Received: 6 January 2011; in revised form: 30 January 2011 / Accepted: 9 February 2011 /
Published: 15 February 2011

Abstract

: The specific rates of solvolysis of neopentyl chloroformate (1) have been determined in 21 pure and binary solvents at 45.0 °C. In most solvents the values are essentially identical to those for ethyl and n-propyl chloroformates. However, in aqueous-1,1,1,3,3,3-hexafluoro-2-propanol mixtures (HFIP) rich in fluoroalcohol, 1 solvolyses appreciably faster than the other two substrates. Linear free energy relationship (LFER) comparison of the specific rates of solvolysis of 1 with those for phenyl chloroformate and those for n-propyl chloroformate are helpful in the mechanistic considerations, as is also the treatment in terms of the Extended Grunwald-Winstein equation. It is proposed that the faster reaction for 1 in HFIP rich solvents is due to the influence of a 1,2-methyl shift, leading to a tertiary alkyl cation, outweighing the only weak nucleophilic solvation of the cation possible in these low nucleophilicity solvents.
Keywords:
solvolysis; 1,2-methyl shift; LFER; addition-elimination; Grunwald-Winstein equations; ionization; neopentyl chloroformate

1. Introduction

Chloroformates are used in large amounts in various industrial and pharmaceutical applications, including the preparation of dyes, plastics, bulk chemicals, pharmaceuticals, and flotation agents [1,2]. In particular, they are very important reagents for the introduction of protecting groups during peptide synthesis [3]. The benzyl ester or its p-nitro derivative is often used for this purpose [4,5] and the bridgehead 1-adamantyl chloroformate has been found to be useful [6].

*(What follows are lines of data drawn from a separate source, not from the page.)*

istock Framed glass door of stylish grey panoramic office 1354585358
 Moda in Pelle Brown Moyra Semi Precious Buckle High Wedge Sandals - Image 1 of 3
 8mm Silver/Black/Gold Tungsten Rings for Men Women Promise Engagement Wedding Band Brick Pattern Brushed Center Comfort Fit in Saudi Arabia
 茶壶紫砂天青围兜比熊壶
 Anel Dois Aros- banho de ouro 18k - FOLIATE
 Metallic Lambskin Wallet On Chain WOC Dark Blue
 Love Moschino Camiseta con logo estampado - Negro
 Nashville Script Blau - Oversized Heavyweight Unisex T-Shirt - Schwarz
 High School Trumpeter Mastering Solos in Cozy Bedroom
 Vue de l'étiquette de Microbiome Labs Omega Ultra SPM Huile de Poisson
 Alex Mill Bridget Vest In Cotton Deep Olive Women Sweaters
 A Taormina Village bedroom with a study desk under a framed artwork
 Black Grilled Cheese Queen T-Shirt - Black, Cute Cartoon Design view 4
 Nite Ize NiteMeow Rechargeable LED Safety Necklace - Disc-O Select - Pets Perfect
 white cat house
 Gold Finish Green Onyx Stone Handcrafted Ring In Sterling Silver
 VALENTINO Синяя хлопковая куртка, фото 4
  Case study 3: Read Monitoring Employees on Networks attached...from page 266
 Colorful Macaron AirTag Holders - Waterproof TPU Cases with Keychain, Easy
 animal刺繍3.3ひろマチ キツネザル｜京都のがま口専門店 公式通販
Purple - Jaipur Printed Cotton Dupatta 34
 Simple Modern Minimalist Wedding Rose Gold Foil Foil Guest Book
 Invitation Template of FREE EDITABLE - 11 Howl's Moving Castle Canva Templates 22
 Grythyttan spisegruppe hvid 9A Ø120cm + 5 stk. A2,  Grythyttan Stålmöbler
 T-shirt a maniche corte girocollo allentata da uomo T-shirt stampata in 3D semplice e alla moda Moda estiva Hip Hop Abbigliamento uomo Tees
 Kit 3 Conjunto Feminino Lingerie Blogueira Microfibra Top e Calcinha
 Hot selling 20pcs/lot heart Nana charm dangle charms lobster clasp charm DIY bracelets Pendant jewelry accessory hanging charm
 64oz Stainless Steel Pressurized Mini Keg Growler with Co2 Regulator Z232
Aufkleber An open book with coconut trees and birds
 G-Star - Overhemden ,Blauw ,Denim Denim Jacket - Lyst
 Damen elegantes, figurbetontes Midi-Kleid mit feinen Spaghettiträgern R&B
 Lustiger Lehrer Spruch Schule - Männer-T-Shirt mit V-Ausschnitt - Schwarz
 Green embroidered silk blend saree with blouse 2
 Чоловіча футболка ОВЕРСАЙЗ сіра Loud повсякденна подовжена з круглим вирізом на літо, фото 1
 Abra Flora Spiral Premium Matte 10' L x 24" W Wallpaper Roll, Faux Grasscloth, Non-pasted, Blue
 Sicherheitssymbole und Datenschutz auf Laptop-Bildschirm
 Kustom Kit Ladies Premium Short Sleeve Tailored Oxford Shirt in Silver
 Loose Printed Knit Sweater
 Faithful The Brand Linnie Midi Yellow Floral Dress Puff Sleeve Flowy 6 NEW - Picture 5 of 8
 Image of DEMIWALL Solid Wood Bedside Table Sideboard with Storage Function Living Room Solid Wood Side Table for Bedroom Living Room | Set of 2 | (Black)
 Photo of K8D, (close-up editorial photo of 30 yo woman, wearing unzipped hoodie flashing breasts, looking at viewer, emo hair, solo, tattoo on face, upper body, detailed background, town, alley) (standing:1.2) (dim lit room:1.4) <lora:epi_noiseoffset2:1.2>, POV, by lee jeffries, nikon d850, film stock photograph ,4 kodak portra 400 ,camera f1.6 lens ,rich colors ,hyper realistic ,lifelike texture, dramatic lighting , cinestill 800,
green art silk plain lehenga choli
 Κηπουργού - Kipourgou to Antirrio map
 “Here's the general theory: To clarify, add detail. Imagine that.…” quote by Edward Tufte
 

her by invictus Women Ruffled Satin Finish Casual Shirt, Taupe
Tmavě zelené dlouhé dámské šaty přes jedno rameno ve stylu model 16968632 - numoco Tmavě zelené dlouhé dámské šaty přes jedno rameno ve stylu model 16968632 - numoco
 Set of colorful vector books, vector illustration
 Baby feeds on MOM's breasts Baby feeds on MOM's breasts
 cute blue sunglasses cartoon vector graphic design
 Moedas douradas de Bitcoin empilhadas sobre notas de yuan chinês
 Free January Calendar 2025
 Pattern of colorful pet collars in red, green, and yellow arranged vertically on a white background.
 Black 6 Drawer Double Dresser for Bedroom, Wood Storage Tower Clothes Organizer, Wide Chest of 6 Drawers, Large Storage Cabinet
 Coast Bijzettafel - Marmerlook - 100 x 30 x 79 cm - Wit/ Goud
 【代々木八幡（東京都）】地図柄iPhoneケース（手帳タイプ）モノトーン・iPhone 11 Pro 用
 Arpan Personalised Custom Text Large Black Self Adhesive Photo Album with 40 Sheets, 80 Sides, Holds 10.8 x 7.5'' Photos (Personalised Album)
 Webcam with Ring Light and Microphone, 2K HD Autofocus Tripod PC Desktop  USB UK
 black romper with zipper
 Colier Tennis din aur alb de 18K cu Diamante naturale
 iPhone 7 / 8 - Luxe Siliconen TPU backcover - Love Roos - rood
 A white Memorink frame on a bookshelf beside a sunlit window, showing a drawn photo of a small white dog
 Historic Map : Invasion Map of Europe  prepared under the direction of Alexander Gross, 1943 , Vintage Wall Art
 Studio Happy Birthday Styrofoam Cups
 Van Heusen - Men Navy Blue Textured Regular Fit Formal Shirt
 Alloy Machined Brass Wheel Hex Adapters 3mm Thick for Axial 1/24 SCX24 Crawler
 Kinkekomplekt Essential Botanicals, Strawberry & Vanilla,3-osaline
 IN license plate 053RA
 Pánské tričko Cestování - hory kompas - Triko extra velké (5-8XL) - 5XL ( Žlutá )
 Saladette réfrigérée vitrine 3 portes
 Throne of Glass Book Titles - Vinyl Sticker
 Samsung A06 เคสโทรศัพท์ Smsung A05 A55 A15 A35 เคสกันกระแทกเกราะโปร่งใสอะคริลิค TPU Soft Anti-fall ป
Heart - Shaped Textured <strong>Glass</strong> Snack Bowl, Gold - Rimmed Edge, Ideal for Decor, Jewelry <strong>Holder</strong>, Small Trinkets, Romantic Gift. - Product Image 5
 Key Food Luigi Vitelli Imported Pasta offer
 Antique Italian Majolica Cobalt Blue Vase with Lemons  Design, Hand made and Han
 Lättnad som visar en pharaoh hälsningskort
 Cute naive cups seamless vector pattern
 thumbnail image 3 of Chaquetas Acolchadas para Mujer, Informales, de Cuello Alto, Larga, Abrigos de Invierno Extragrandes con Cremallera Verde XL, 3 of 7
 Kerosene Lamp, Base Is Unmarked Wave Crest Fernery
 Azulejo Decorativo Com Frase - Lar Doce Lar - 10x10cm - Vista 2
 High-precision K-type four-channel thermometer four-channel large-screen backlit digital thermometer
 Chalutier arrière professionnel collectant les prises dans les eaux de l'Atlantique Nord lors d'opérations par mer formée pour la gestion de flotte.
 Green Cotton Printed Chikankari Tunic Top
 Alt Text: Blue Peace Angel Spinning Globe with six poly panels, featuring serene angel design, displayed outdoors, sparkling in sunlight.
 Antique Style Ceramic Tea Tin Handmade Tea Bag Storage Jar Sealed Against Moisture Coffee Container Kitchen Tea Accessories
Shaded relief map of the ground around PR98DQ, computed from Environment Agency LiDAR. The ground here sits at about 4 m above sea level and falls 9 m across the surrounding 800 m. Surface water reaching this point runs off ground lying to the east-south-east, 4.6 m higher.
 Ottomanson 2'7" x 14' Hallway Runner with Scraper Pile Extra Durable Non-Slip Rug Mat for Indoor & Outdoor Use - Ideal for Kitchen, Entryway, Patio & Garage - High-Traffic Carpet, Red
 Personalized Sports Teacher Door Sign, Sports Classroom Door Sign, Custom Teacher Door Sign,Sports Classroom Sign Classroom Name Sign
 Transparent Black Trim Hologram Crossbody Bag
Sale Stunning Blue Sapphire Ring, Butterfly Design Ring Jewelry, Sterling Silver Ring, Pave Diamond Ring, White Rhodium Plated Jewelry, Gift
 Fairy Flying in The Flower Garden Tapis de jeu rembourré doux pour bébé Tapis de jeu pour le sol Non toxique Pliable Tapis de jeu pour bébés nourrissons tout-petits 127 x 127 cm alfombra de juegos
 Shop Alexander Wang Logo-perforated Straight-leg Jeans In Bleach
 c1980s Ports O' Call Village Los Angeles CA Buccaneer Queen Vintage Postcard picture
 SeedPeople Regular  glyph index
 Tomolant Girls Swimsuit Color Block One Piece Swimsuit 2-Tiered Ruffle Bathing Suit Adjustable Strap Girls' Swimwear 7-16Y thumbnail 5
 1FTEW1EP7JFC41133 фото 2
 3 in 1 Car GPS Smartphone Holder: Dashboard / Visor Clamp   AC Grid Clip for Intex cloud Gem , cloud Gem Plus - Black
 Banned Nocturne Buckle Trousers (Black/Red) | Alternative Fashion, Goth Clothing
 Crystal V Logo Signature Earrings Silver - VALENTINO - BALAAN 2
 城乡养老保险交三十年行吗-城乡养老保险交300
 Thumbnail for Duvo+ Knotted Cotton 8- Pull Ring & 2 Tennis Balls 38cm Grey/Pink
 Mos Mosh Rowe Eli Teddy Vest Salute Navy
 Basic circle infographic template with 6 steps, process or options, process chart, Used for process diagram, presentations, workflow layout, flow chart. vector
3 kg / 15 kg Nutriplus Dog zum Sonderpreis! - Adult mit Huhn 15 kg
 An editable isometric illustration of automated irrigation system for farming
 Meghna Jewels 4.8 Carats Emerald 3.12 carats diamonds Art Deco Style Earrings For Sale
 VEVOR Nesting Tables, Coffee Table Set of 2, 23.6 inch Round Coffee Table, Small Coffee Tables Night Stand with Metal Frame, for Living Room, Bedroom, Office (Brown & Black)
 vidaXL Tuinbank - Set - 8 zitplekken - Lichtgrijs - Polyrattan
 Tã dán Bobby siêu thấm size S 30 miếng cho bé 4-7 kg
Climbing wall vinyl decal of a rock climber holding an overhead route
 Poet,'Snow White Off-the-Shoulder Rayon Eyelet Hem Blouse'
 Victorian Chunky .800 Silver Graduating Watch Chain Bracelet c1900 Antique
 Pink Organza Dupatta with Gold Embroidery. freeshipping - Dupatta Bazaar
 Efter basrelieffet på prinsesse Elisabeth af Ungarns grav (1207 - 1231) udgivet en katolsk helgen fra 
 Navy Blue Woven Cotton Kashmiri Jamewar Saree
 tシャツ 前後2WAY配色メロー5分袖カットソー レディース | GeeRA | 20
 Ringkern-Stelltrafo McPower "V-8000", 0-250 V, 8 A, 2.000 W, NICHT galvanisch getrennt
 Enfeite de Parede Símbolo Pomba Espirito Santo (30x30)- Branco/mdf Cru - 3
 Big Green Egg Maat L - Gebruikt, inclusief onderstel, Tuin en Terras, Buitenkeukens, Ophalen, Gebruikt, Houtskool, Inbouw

For several years, we have been investigating the mechanisms available for the solvolyses of chloroformate esters; these reactions offer a model for nucleophilic substitution reactions of chloroformates in general, including their use within peptide synthesis and many other applications. The solvolyses involved in our study include those of phenyl (2, Figure 1) [7], p-methoxyphenyl [8], p-nitrophenyl [9], methyl [10], ethyl [11], n-propyl (3, Figure 1) [12], isopropyl [13,14], benzyl and p-nitrobenzyl [15,16], 2-adamantyl [17], 1-adamantyl [18], and 2,2,2-trichloro-1,1-dimethylethyl [19].

A powerful tool for investigating the mechanisms of solvolysis reactions is the Grunwald-Winstein equation [20]. The initial standard substrate was t-butyl chloride and the initial standard solvent was 80% ethanol-20% water (by volume at 25.0 °C) [21]. The forms of the equation parallel that of the better known Hammett equation [22] except that, instead of varying the characteristics of the substrate, we are varying the characteristics of the solvent. The one-term (original) equation was expressed as in Equation 1:

log ( k / k o ) = mY + c

In the equation, k and ko are the specific rates of solvolysis (first-order rate coefficients) in a given solvent and in the standard solvent, respectively, m represents the sensitivity to changes in ionizing power (Y). For the standard substrate, m is set at unity and log(k/ko) then represents the Y scale. For any other substrate c is a constant (residual) term. The original tert-butyl chloride Y scale was found to include a small contribution from solvent nucleophilicity [23,24] and YX scales are now usually used for a leaving group X, where the scale is based on the 1-adamantyl or 2-adamantyl group being attached directly to the X being displaced in the solvolysis [25,26].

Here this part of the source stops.